▸ Dataset records:

Content starts

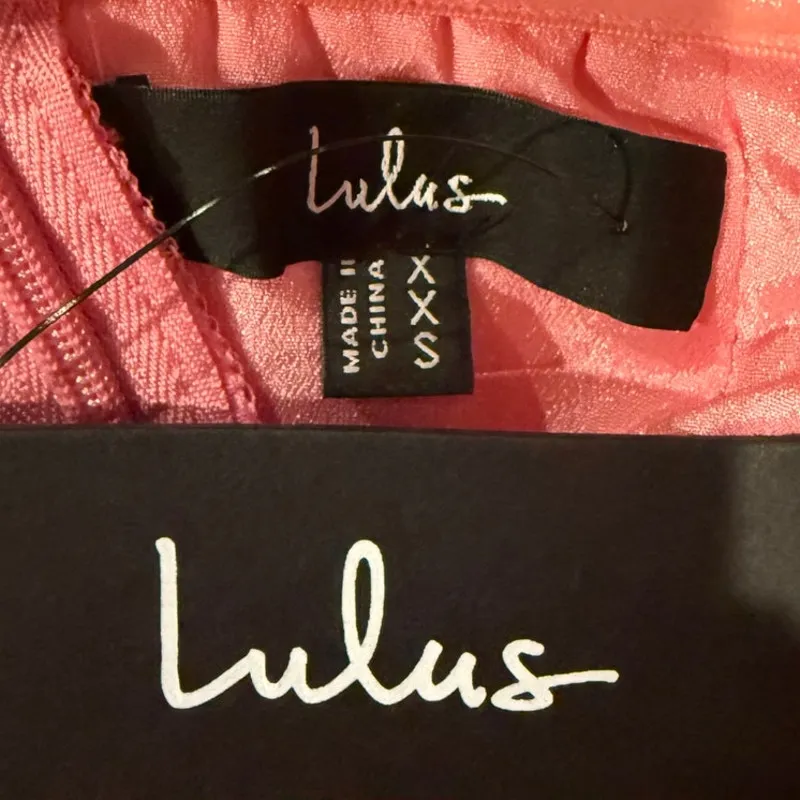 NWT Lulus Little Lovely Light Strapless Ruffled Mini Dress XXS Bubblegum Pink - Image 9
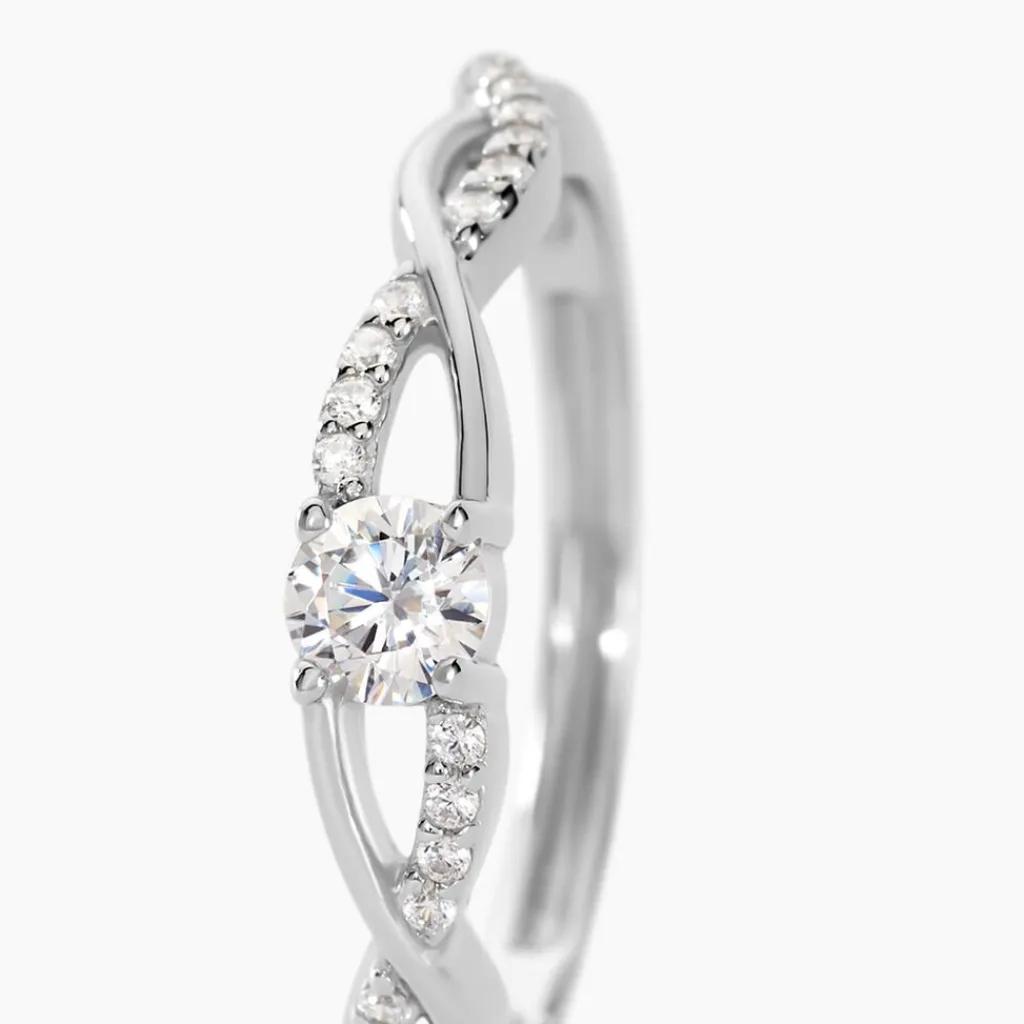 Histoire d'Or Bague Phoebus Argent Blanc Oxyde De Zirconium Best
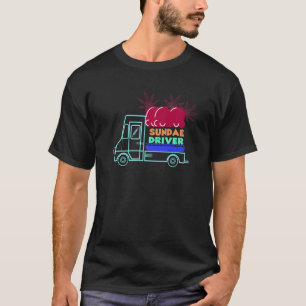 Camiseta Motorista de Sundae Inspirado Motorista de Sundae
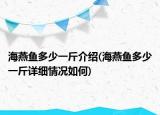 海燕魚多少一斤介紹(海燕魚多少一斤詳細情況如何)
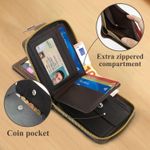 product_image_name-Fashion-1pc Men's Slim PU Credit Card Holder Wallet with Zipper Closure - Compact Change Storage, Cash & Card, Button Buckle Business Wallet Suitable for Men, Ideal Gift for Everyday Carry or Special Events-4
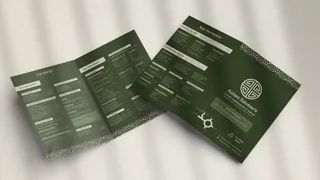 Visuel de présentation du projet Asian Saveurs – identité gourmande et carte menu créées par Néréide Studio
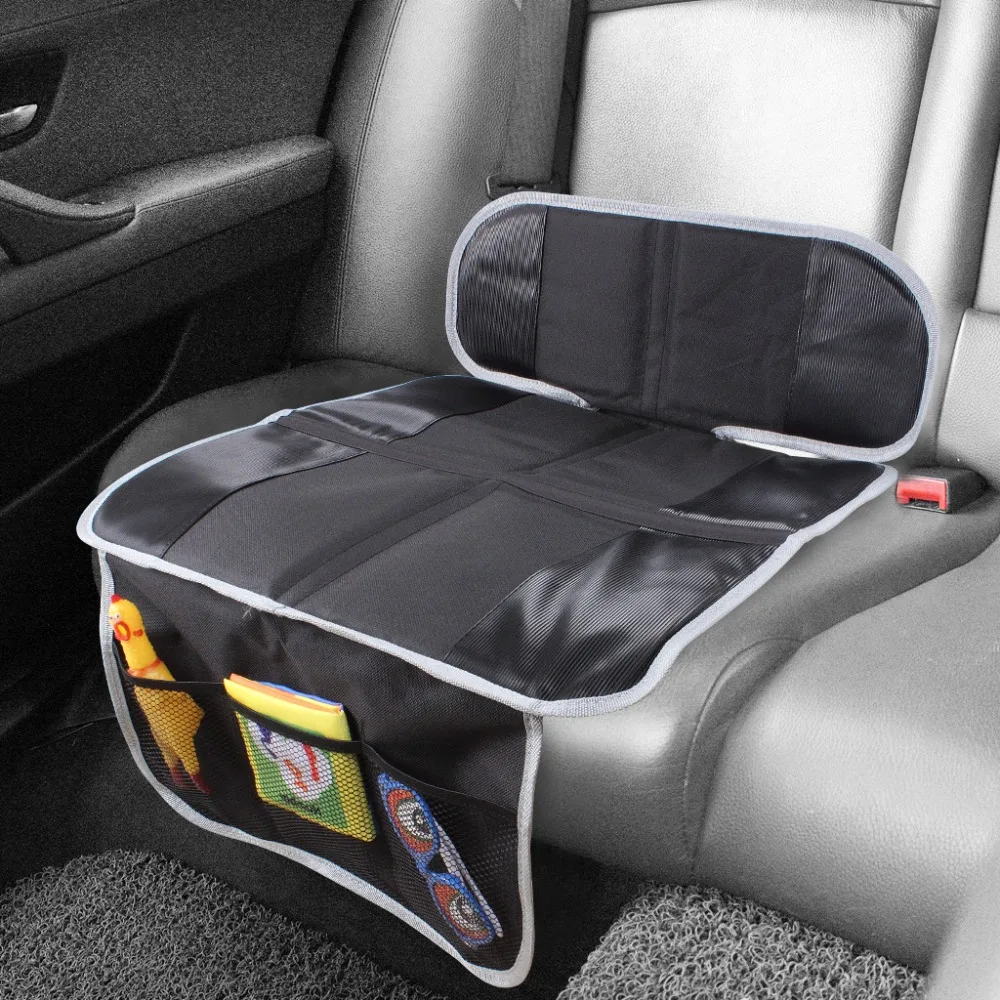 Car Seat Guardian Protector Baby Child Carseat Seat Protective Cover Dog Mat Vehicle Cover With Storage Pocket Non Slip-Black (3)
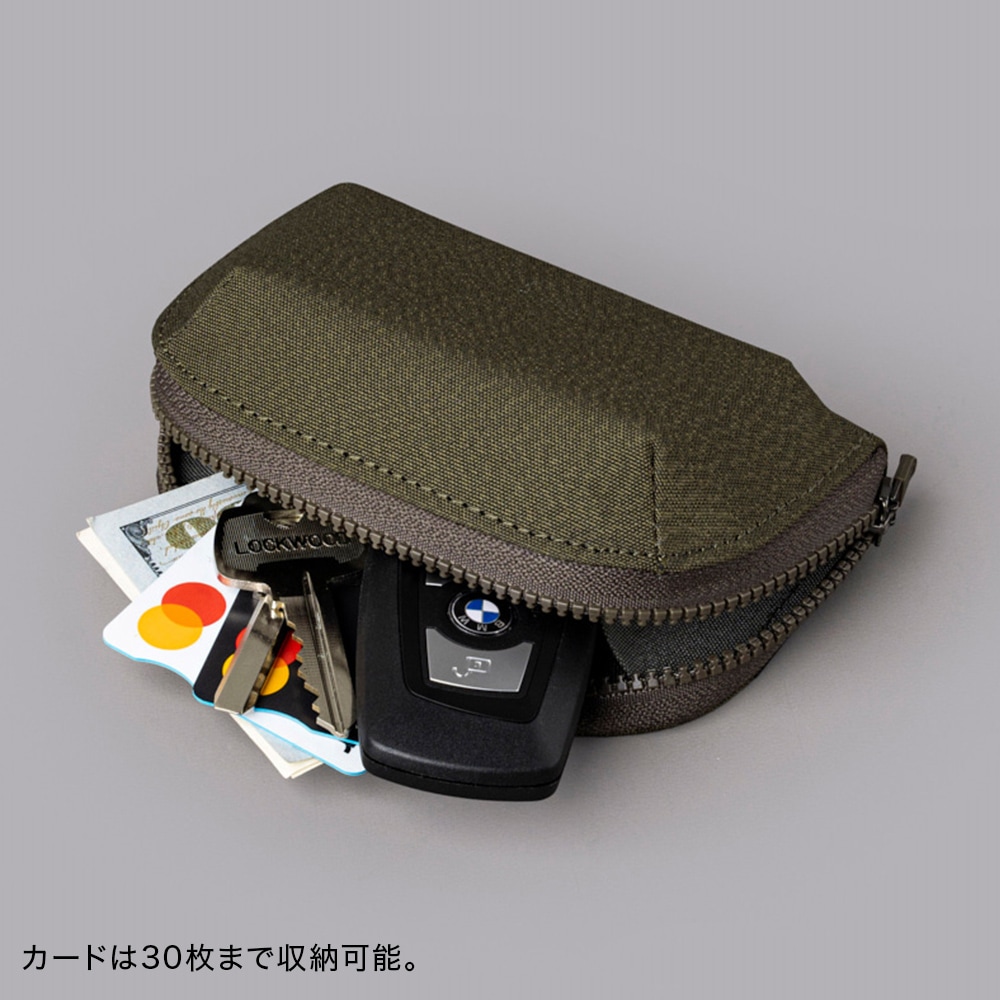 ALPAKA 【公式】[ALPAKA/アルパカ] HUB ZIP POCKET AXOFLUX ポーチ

Content ends

▸ Exercise prompt: For each entry, repeat its text exactly and leave out any picture it holds.

▸ Exercise solution:
 NWT Lulus Little Lovely Light Strapless Ruffled Mini Dress XXS Bubblegum Pink - Image 9
 Histoire d'Or Bague Phoebus Argent Blanc Oxyde De Zirconium Best
 Camiseta Motorista de Sundae Inspirado Motorista de Sundae
 海燕魚多少一斤介紹(海燕魚多少一斤詳細情況如何)
 product_image_name-Fashion-1pc Men's Slim PU Credit Card Holder Wallet with Zipper Closure - Compact Change Storage, Cash & Card, Button Buckle Business Wallet Suitable for Men, Ideal Gift for Everyday Carry or Special Events-4
 Visuel de présentation du projet Asian Saveurs – identité gourmande et carte menu créées par Néréide Studio
 Car Seat Guardian Protector Baby Child Carseat Seat Protective Cover Dog Mat Vehicle Cover With Storage Pocket Non Slip-Black (3)
 ALPAKA 【公式】[ALPAKA/アルパカ] HUB ZIP POCKET AXOFLUX ポーチ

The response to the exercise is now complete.